# Raw data
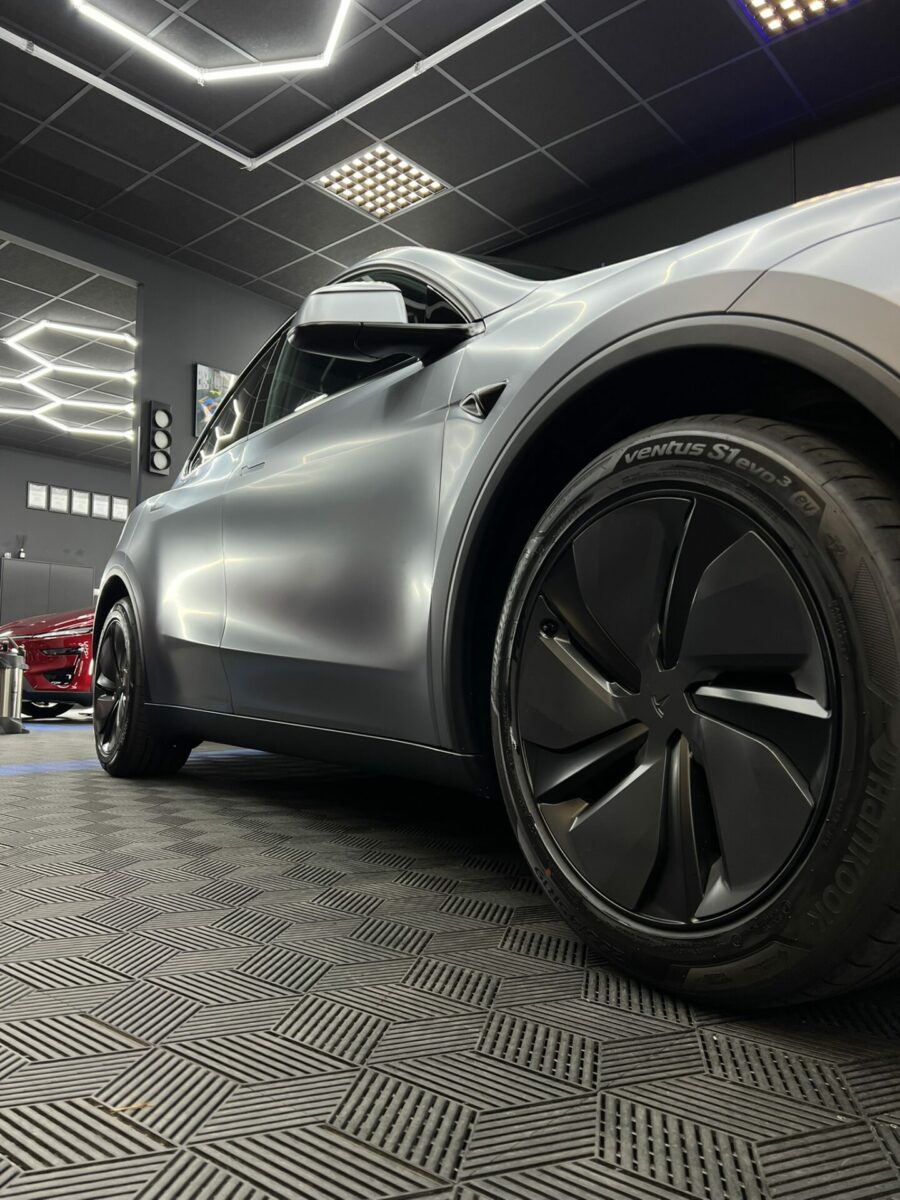 Mh Detailing Protection Ppf A L Isle Adam IMG 0296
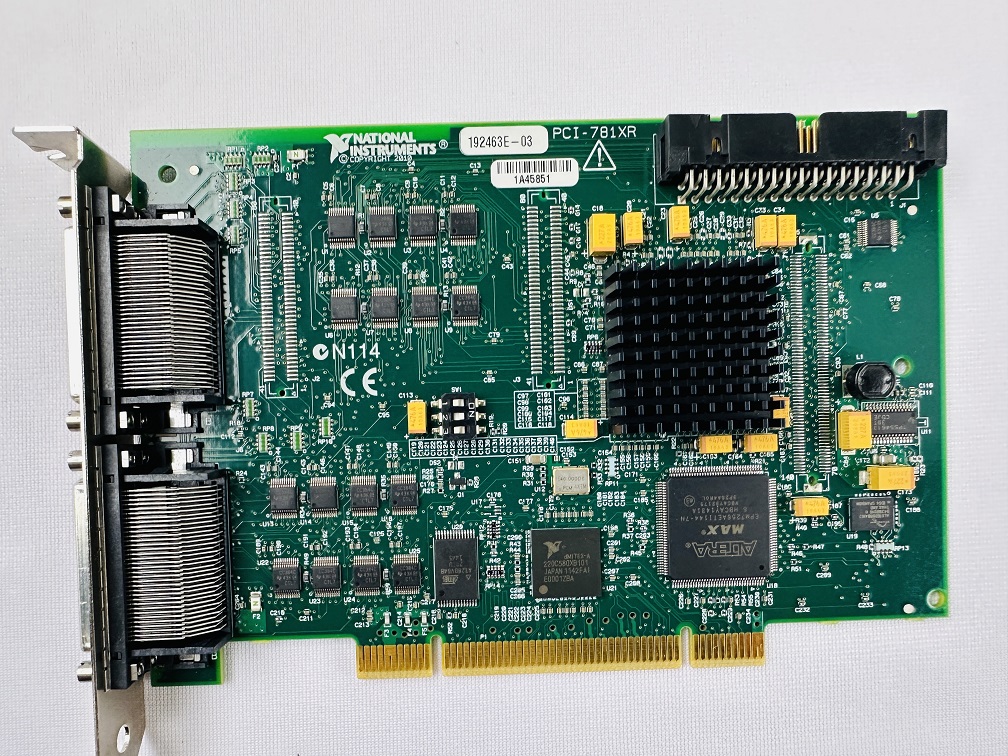 PCI-781XR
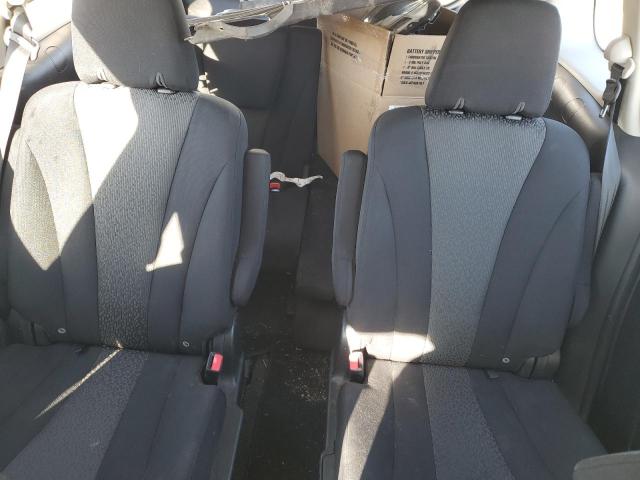 Photo 10 from auction – 2012 MAZDA 5 with VIN JM1CW2DL4C0124045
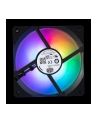 Cooler Master Mobius 120 ARGB -120x120x25, case fan (Kolor: CZARNY) - nr 4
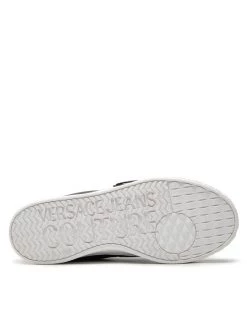 Versace Jeans Couture Γυναίκες Αθλητικά 73VA3SK9 Μαύρο -Versace Jeans Couture Εκπτώσεις unnamed file 2415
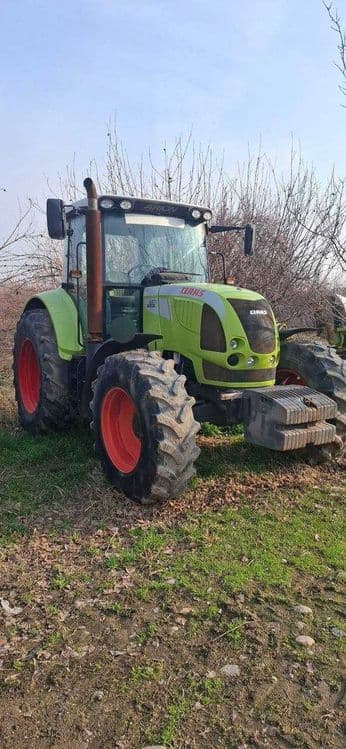 Продаётся Трактор ARION-630C — 1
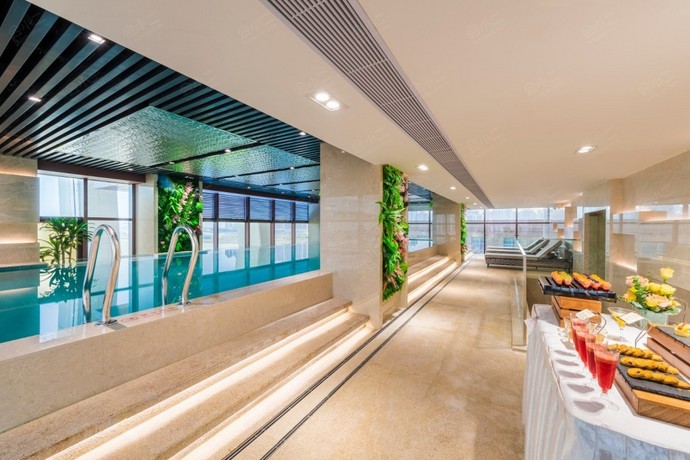 珠海万悦酒店娱乐运动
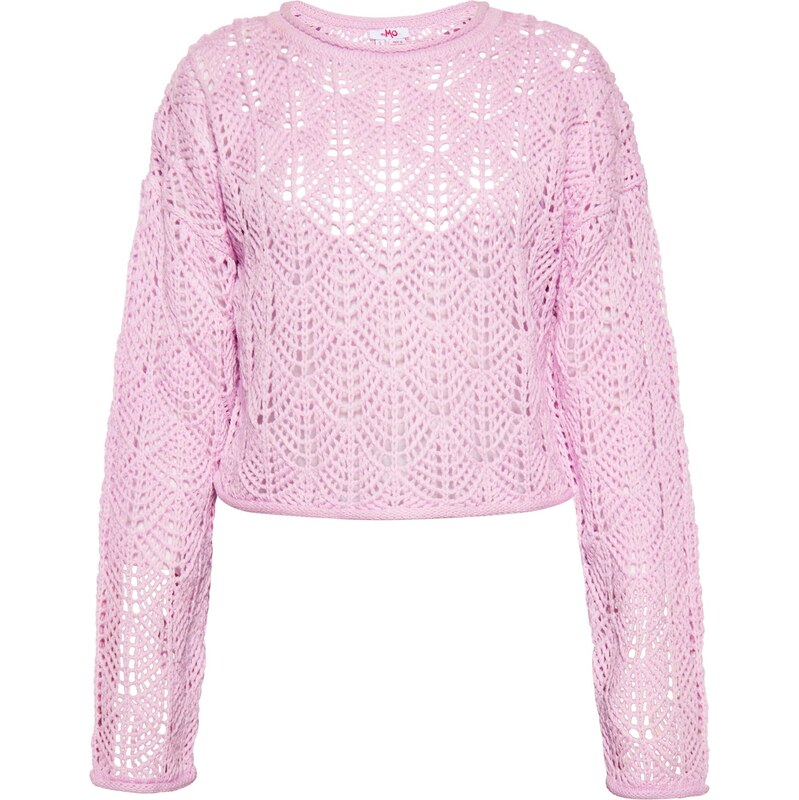 MYMO Sveter eozín 65870999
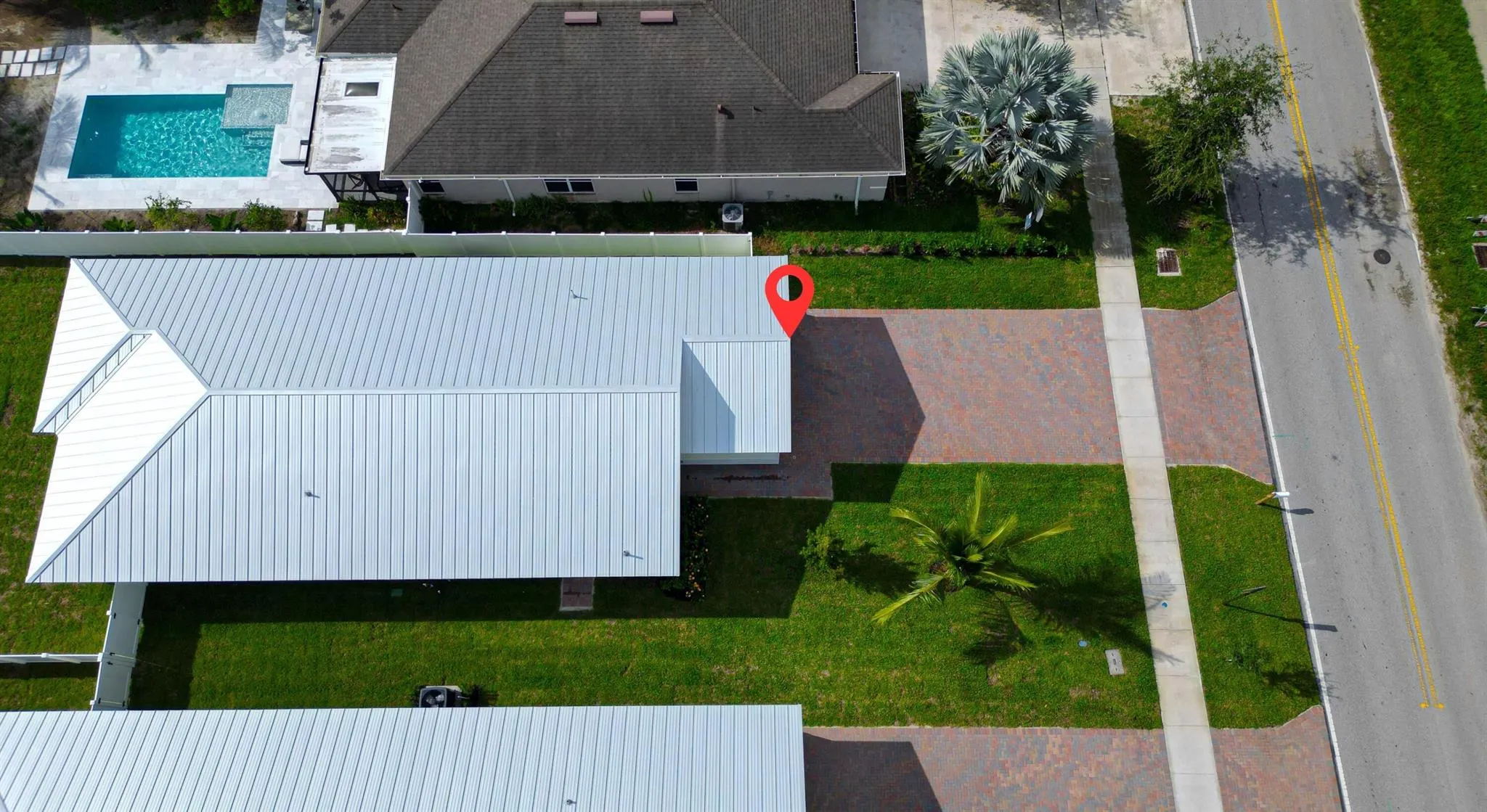18240 Limestone Creek Road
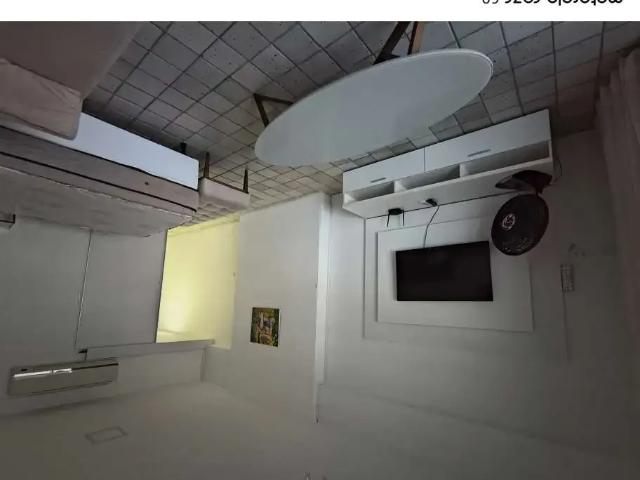 Apartamento para Locação em Jaboatão dos Guararapes/PE Piedade 1 Quartos
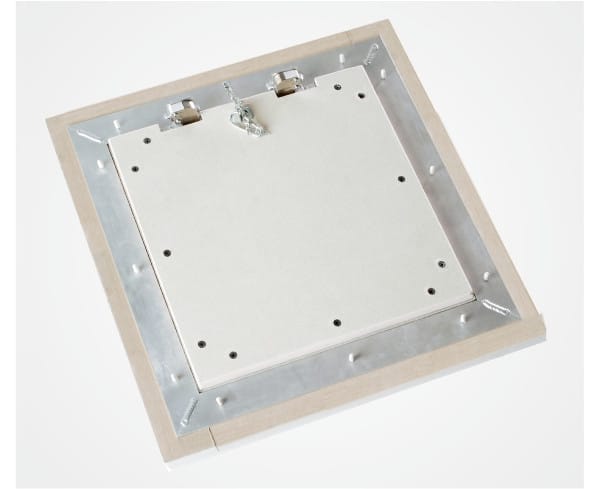 F5 EI60  by FF SYSTEMS - Botola di ispezione antincendio - 2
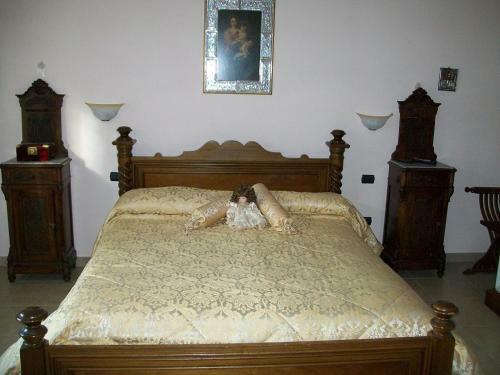 Villa Linda Bed And Breakfast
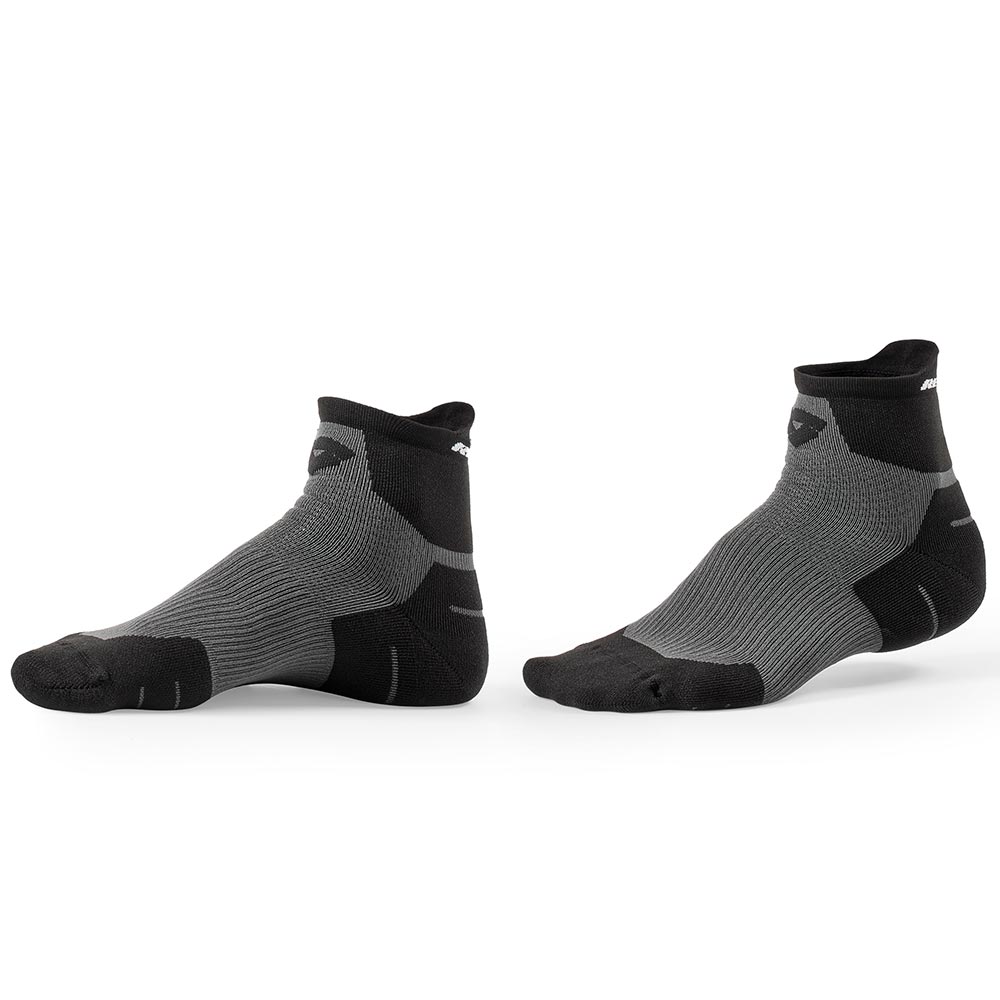 Rev'it - Chaussettes Javelin 2 Gris / Noir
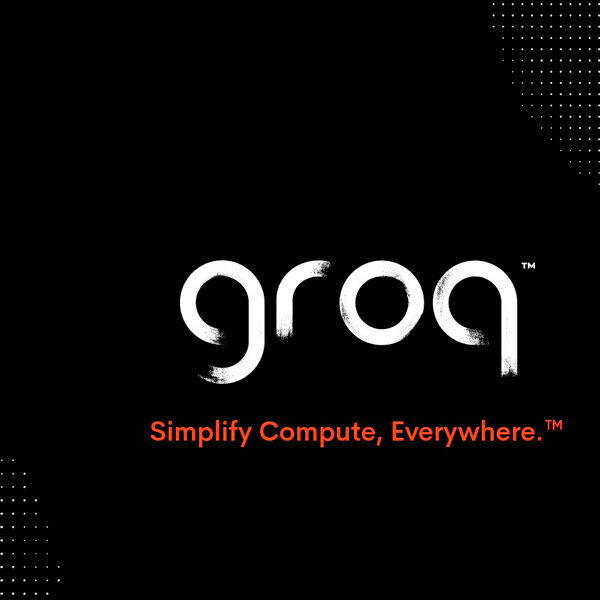 Groq

Groq will mit seinen Angeboten die Entwicklergeschwindigkeit beim maschinellen Lernen erhöhen, um einfach und schnell skalierbare, deterministische Systeme mit hoher Leistung pro Watt bereitzustellen.
Mehr unter: 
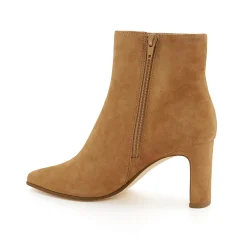 Dune London OTTALY - CAMEL-Women Ankle Boots
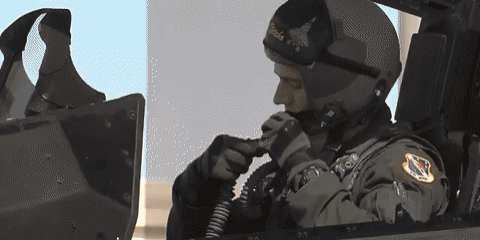 Soute latérale avec AIM-9M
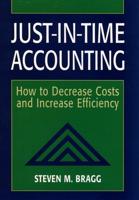 Just-in-Time Accounting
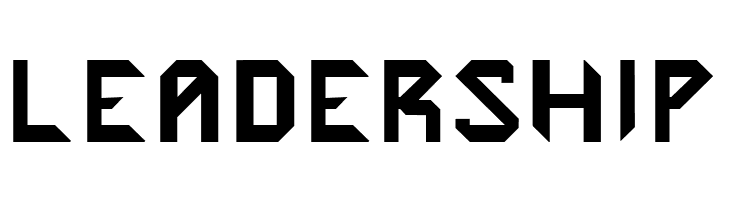 Cybergenics  Free Fonts Download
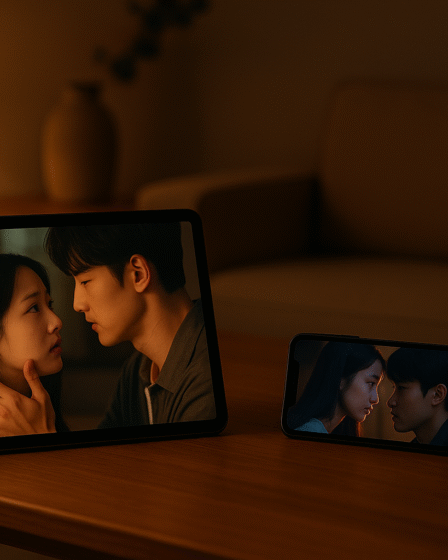 Os Melhores Aplicativos Gratuitos para Assistir Doramas Sem Pagar Nada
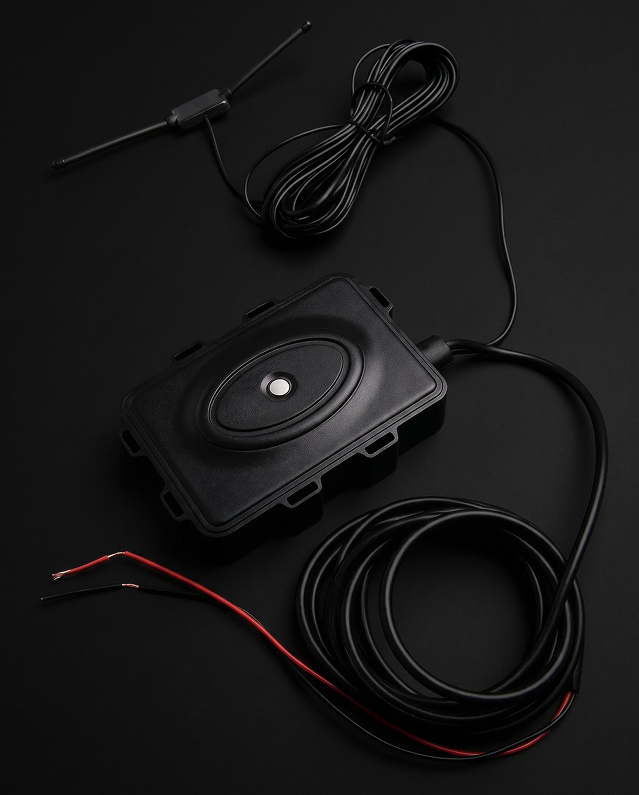 TyreCop Pro G208 connected gateway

# Task to complete
The data above should be restated exactly, with its images dropped.

# Output below
 Mh Detailing Protection Ppf A L Isle Adam IMG 0296
 PCI-781XR
 Photo 10 from auction – 2012 MAZDA 5 with VIN JM1CW2DL4C0124045
 Cooler Master Mobius 120 ARGB -120x120x25, case fan (Kolor: CZARNY) - nr 4
 Versace Jeans Couture Γυναίκες Αθλητικά 73VA3SK9 Μαύρο -Versace Jeans Couture Εκπτώσεις unnamed file 2415
 Продаётся Трактор ARION-630C — 1
 珠海万悦酒店娱乐运动
 MYMO Sveter eozín 65870999
18240 Limestone Creek Road
 Apartamento para Locação em Jaboatão dos Guararapes/PE Piedade 1 Quartos
 F5 EI60  by FF SYSTEMS - Botola di ispezione antincendio - 2
 Villa Linda Bed And Breakfast
 Rev'it - Chaussettes Javelin 2 Gris / Noir
 Groq

Groq will mit seinen Angeboten die Entwicklergeschwindigkeit beim maschinellen Lernen erhöhen, um einfach und schnell skalierbare, deterministische Systeme mit hoher Leistung pro Watt bereitzustellen.
Mehr unter: 
 Dune London OTTALY - CAMEL-Women Ankle Boots
 Soute latérale avec AIM-9M
 Just-in-Time Accounting
 Cybergenics  Free Fonts Download
 Os Melhores Aplicativos Gratuitos para Assistir Doramas Sem Pagar Nada
 TyreCop Pro G208 connected gateway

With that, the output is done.